Faced with a family of four shot in broad daylight and no credible suspects, Riksmord and Bergman are at a dead end, until they learn there was a fifth person at the house that day – a young girl who witnesses the murders and has fled the scene in fear for her life. Finding the girl becomes the top priority as she may be the key to solving the crime, but the killer is still out there, and he’s determined to track her down for himself first to finish what he started.
“The only thing she could hear was her own breathing. The silence was so complete that she might as well have been deaf. If she went blind and deaf in here, she wouldn’t even notice. But the darkness and the silence suited her. No one would find her.”

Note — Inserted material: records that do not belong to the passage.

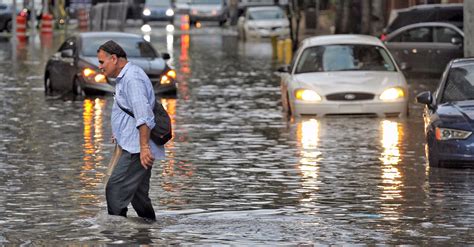 Trump Scraps Obama-Era Rule To Protect Infrastructure From Climate ...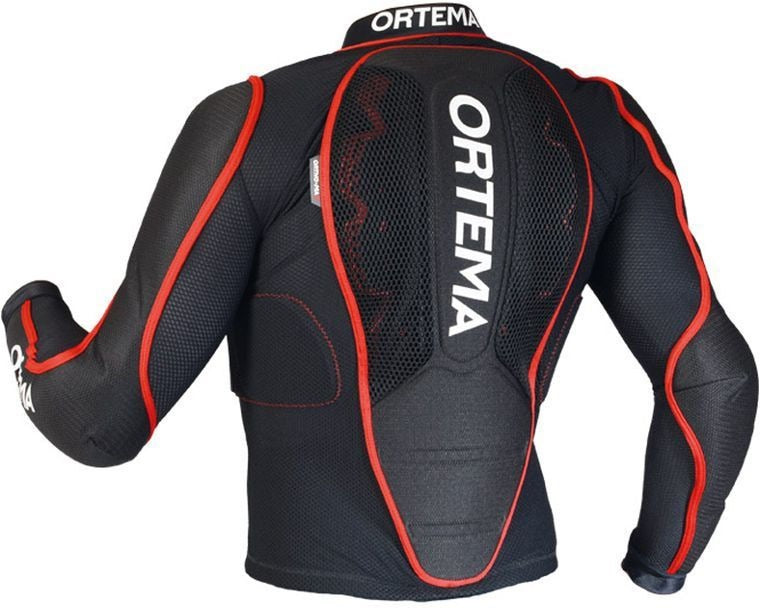 TOURATECH Ortema Ortho-Max Jacket protector jacket, Size: L | 01-500-0358-0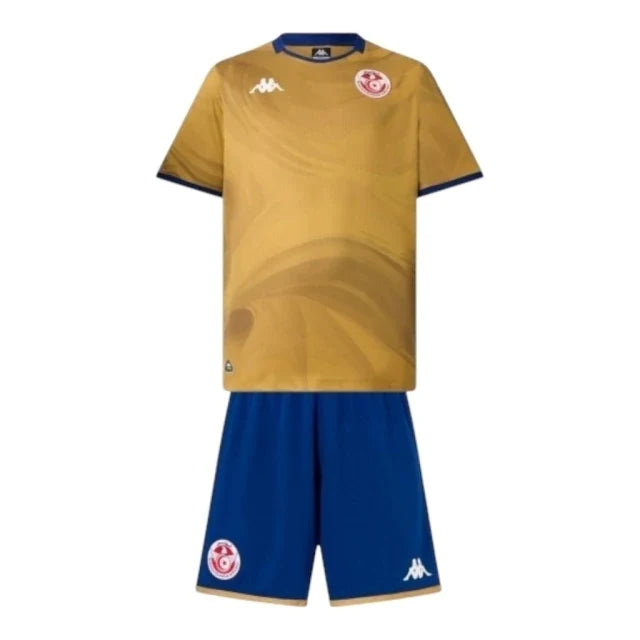 Tunisia 2026 Children's Third Set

When it comes to the novel’s plotting, The Silent Girl is content to take it slow, building up the scene gradually and effectively until 100 pages have gone by before the detectives learn of the existence of the girl the readers are told about within the first two pages, not to mention the title. What’s presented as a race against time to find this girl and solve a murder then is actually so much more; this is a police procedural through and through, with all the false starts, misleads and investigation twists and turns you’d expect – and the girl of the title just happens to be one of them.
The characters are also strong but flawed three-dimensional players that lead you through the thrilling storyline with ease, with Hjorth & Rosenfeldt transitioning seamlessly between Riksmord’s core group to cover every aspect of the investigation from all angles and tease out revelations piece by gripping piece. The fact that three books have come before this one as well doesn’t take away from any of the drama or enjoyment. Yes, it may take a couple of flicks back to the character list to remember who’s who and where they stand in relation to everyone else, but it does click if you stick with it and it’s worth it if you do.
The Silent Girl is a compelling thriller, featuring realistic and empathetic characters and a mystery that draws you in. The silent girl herself, Nicole, is a small part of a big game, every piece of which has been carefully crafted and developed with the same care and attention given to big TV dramas.
The action in this novel can stall in places as the novel delves into characters’ thoughts and backstories and spends a beat too long on the detectives’ and the murderers’ inner reflections, but overall The Silent Girl is a quick-paced, well-crafted thriller that delivers what it promises and so much more.